> [Exercise description]:
Across the following data, state how many lines include the word "Gold". Provide the number alone.

> [Extracted records]:

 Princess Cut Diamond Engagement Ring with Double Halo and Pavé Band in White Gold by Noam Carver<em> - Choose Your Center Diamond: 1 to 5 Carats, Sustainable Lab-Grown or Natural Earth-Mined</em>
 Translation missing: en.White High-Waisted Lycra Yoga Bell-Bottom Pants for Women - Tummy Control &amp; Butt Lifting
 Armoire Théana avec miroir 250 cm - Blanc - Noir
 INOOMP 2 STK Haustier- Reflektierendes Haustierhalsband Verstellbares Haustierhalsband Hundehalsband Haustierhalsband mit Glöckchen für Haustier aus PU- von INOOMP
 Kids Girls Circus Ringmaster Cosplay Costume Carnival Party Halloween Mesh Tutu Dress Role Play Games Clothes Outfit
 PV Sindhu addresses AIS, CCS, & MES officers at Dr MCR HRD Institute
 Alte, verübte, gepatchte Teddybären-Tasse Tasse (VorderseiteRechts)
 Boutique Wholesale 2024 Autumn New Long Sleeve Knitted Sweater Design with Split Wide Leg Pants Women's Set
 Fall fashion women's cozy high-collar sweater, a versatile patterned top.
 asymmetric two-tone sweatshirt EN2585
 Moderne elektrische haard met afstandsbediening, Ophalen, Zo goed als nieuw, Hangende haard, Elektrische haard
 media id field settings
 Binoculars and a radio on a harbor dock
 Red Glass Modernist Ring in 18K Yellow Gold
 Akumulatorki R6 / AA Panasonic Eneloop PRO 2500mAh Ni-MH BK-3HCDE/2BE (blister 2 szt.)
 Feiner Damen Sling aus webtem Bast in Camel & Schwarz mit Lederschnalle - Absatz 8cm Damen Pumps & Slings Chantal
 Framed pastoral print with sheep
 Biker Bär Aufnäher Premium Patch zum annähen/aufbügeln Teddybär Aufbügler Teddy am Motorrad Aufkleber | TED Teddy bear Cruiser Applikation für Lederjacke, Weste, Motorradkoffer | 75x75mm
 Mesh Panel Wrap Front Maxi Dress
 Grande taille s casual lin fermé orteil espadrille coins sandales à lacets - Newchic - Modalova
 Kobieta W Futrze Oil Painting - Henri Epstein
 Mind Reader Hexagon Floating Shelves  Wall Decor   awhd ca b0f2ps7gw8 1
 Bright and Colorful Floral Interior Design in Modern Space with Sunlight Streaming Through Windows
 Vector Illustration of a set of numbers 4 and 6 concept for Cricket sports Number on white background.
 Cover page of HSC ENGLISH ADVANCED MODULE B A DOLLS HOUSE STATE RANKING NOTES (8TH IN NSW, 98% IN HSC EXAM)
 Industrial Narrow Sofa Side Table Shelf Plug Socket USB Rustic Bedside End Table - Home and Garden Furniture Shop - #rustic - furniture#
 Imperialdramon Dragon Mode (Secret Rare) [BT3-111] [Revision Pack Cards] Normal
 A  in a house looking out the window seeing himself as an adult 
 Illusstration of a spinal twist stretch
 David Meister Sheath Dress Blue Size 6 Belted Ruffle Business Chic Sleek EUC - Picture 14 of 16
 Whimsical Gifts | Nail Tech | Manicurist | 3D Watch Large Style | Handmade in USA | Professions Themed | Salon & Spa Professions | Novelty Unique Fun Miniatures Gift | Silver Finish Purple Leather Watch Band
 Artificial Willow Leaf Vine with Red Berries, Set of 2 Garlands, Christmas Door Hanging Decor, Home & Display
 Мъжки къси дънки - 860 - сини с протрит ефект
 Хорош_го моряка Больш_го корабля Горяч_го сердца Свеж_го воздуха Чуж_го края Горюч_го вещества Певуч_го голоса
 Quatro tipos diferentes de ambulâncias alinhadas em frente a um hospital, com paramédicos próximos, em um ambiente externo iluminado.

> [Exercise output]:
2